8. Il ressort des pièces du dossier que Mme B… est veuve, sans charge de famille en France, et n’établit pas être dépourvue d’attaches familiales dans son pays d’origine, où résident sa mère et sa sœur. Comme il a été dit plus haut, son insertion socio-professionnelle, dans un emploi caractérisé par un faible niveau de qualification, est discontinue.
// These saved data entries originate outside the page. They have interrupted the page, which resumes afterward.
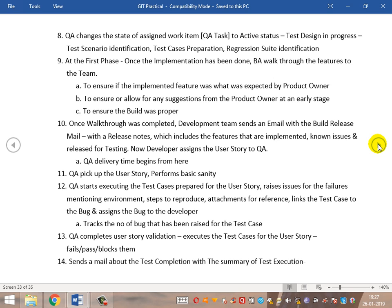Once the walkthrough is completed, the development team sends a build release mail with release notes containing the features implemented and deployed to the testing environment. Now QA starts their work — this is the point in time where QA delivery time begins for test execution. QA picks up the user story and performs basic sanity, which has already been ensured from the BA's walkthrough.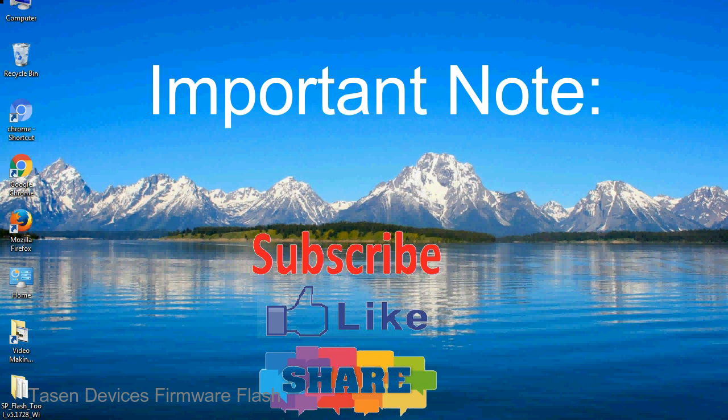Take a backup of your important data before using the smartphone flash tool because during the flashing process your personal data will be removed permanently.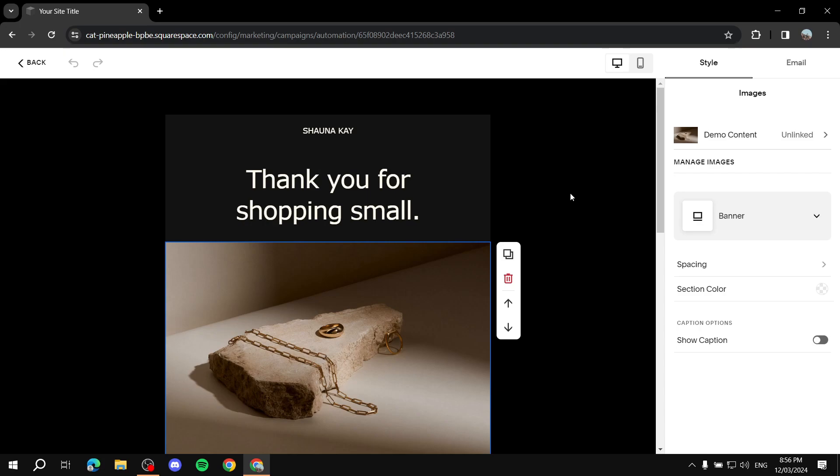I hope this helped you get started with your newsletter on Squarespace. Thanks for watching!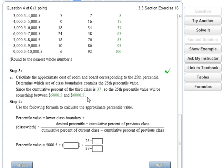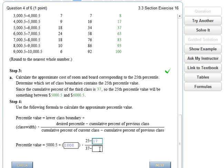The percentile value formula equals the lower class boundary plus, in parentheses, the class width times a fraction. The lower class boundary is 5,000.5. The class width is 1,000, since the distance between 5,000 and 6,000 is 1,000. The fraction is: desired percentage (25) minus the cumulative percentage of the previous class (17), all divided by the current class's cumulative percentage minus the previous (37 minus 17).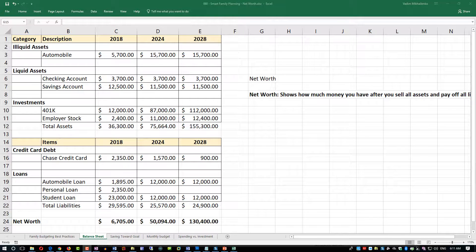In this video we're going to look at net worth, how to calculate net worth, and what to look for when you're calculating your family net worth or tracking it as the measure of your wealth.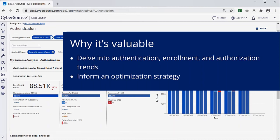You can delve into trends and dimensions to see deep details about what is happening with your enrollments, authentications, and authorizations, and the insights you gain could help inform a business optimization strategy.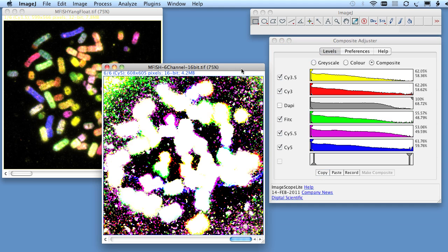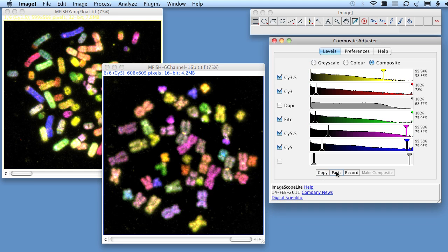so when we switch to our 16-bit data and paste it, we get an image balance which is similar to the first image.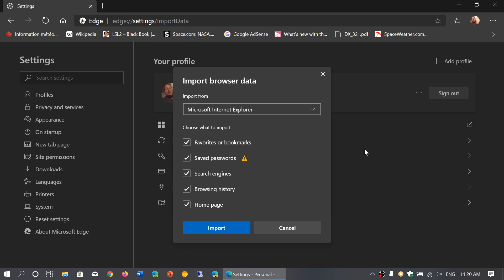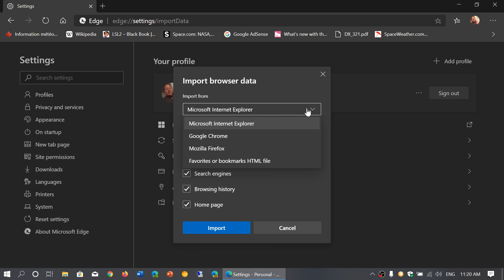It will ask you from where you want to import your data: Internet Explorer, Google Chrome, Mozilla Firefox, or you can import from an HTML file that you have exported from another browser.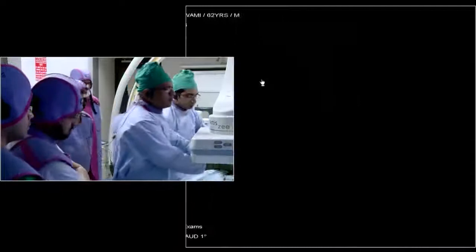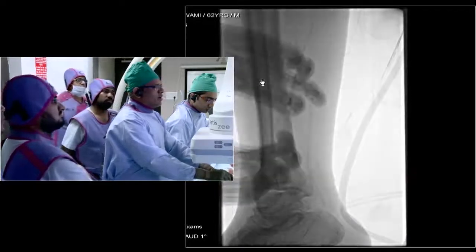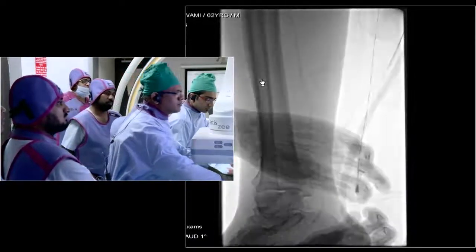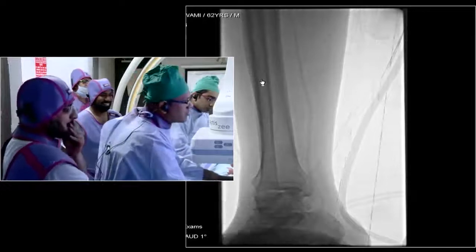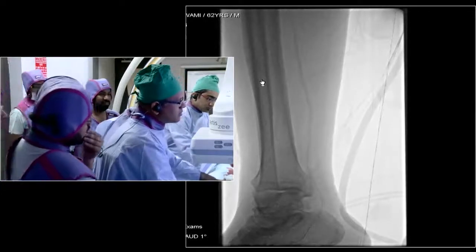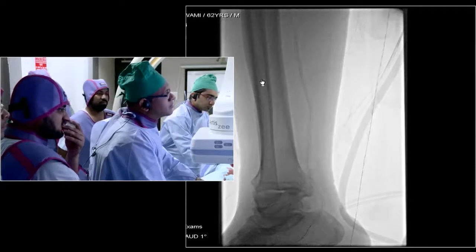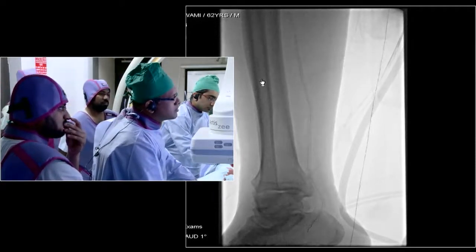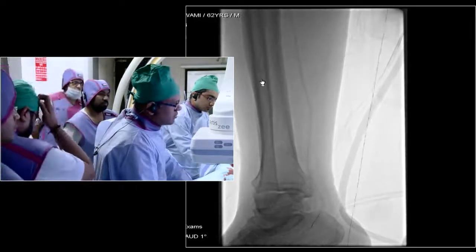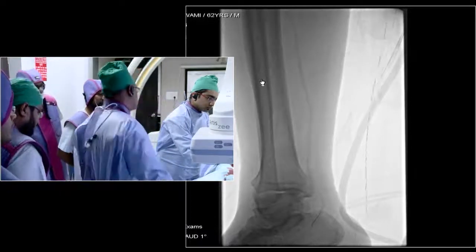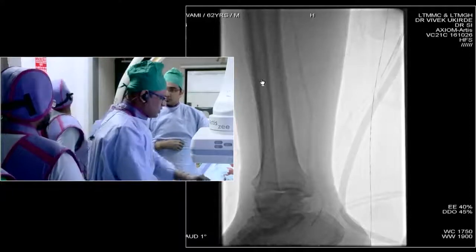Which wire have you used — a filter or Command wire? This is a 0.014 Command wire. I use either the Command or Nitrex below the knee. It is very important — I keep telling my colleagues — that your number of wires and catheters should be limited. There are so many things available in the market; get used to one or two of them and just use them consistently, and that will help you in the long run.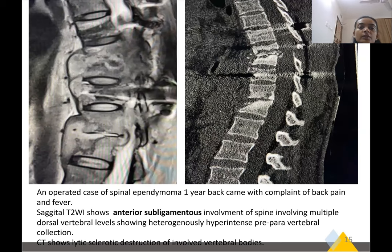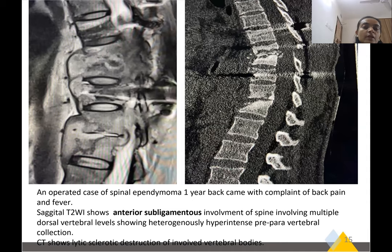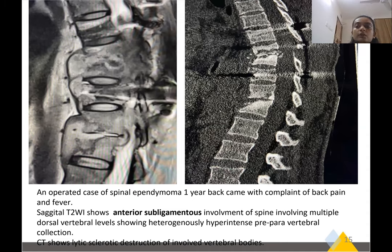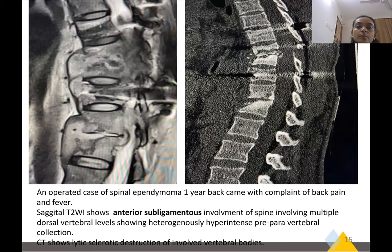Another patient with a history of ependymoma who after one year complained of back pain: there is an anterior subligamentous collection and paravertebral involvement. There is destruction of the vertebrae, appreciable on CT. This is a gibbus deformity.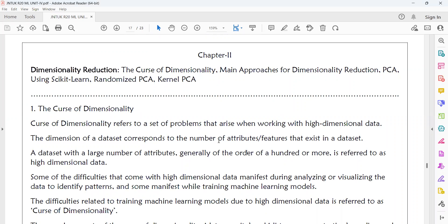What do you mean by Dimensionality Reduction? If your dataset contains more attributes or more features — attributes are nothing but columns — you can say that dataset is a larger dataset or it has more dimensions. Generally, we can say that such a dataset is high-dimensional data.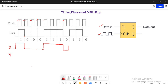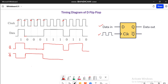And again I can draw the rest of the waveform using the same logic. Since Q bar is the complemented output and it's the complement of Q, its waveform will be the invert of Q, so it can be drawn easily.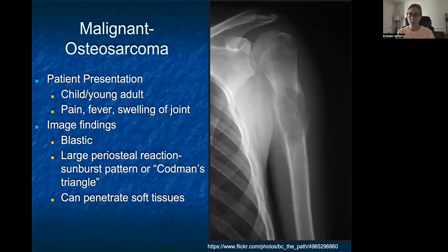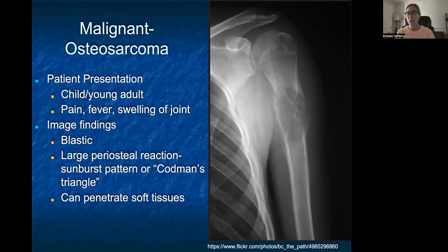For osteosarcoma, these generally occur in younger individuals — children or young adults. Symptoms may include pain, fever, chills, and swelling of the affected region or joint. On plain radiographs, osteosarcoma appears as a blastic lesion with more bone laid down within the lesion itself. Usually there are large periosteal reactions, where we see things like the sunburst pattern or a Codman's triangle, as shown in this radiograph. The lesion lifts off the native cortex creating a triangular shape. Osteosarcomas can penetrate through soft tissues, so MRI may be helpful to assess soft tissue involvement. Treatment is aggressive and likely involves chemotherapeutics and possible resection.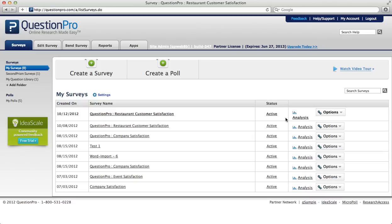Using our survey template is a great option when you don't have a ton of time to create a survey and you just need to get it done quickly. Here's how you do it.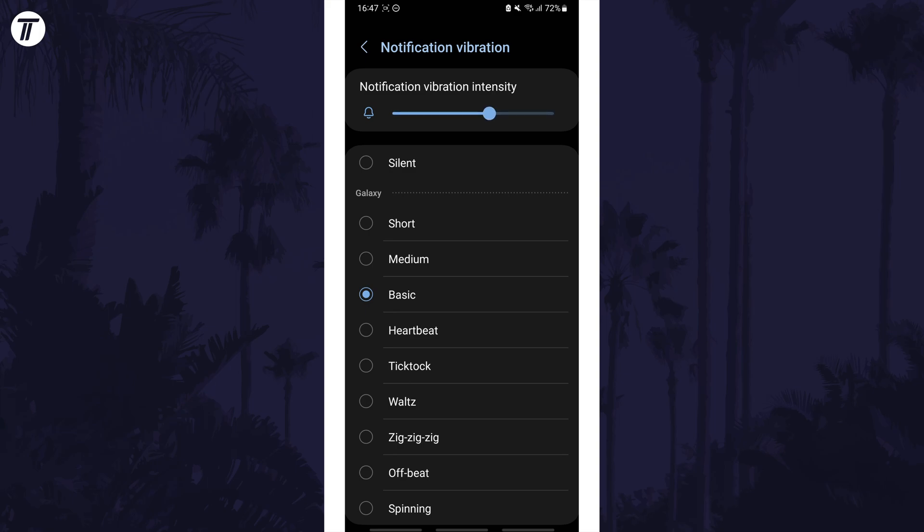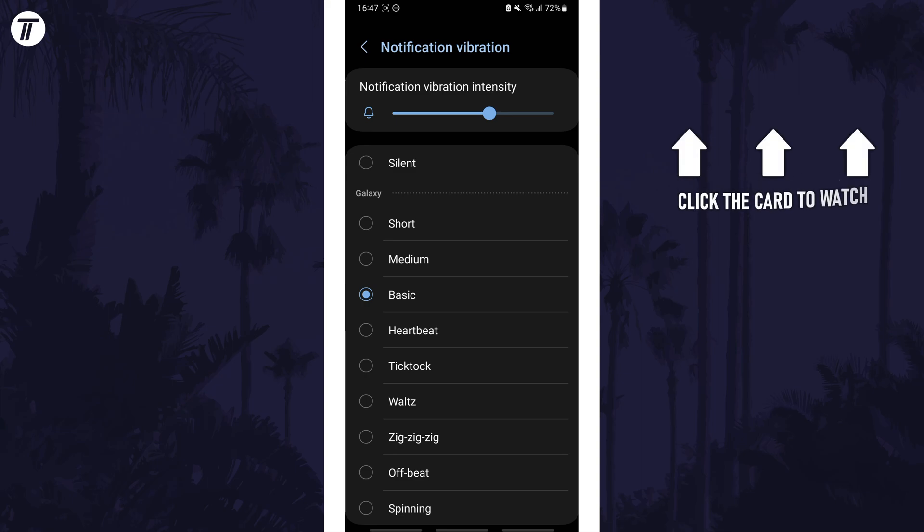That's how to change the notification vibration pattern on a Samsung phone. Click the card on screen now to watch a video of mine showing you 10 easy ways to speed up your Samsung device.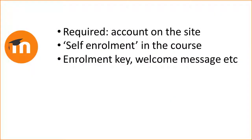To summarise, for learners to access your courses they need to have an account on the site. Enabling self-enrolment in the course will allow them to enrol themselves into your course. You can also set enrolment keys, a personalised welcome message, and other options.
Dans ces conditions, le préfet de police n’a pas porté une atteinte excessive à la vie privée et familiale de Mme B… en prenant la décision attaquée, et n’a pas davantage entaché sa décision d’une erreur manifeste d’appréciation au regard des conséquences sur la situation personnelle de l’intéressée.
En ce qui concerne la décision portant obligation de quitter le territoire français :
9. Contrairement à ce que soutient la requérante, le préfet de police ne s’est pas fondé, dans la décision attaquée, sur le motif tiré de ce qu’elle représenterait une menace à l’ordre public.
10. Pour les mêmes motifs que ceux qui ont été exposés aux points 5 et 8 ci-dessus, la décision portant obligation de quitter le territoire français ne méconnaît ni les dispositions de l’article L. 423-23 du code de l’entrée et du séjour des étrangers et du droit d’asile, ni les stipulations de l’article 8 de la convention européenne de sauvegarde des droits de l’homme et des libertés fondamentales, et n’est pas davantage entachée d’erreur manifeste d’appréciation.
11. Il résulte de tout ce qui précède que la requête de Mme B… doit être rejetée en toutes ses conclusions.
D É C I D E :
Article 1er : La requête de Mme A… B… est rejetée.
Article 2 : Le présent jugement sera notifié à Mme B… et au préfet de police.
Délibéré après l’audience du 30 mars 2026, à laquelle siégeaient :
M. Séval, président,
M. Errera, premier conseiller,
Mme Benhamou, conseillère.
Rendu public par mise à disposition au greffe le 14 avril 2026.
Le rapporteur,
signé
A. ERRERA
Le président,
signé
J.-P. SÉVAL
La greffière,
signé
S. LARDINOIS
La République mande et ordonne au préfet de police en ce qui le concerne ou à tous commissaires de justice à ce requis en ce qui concerne les voies de droit commun contre les parties privées, de pourvoir à l’exécution de la présente décision.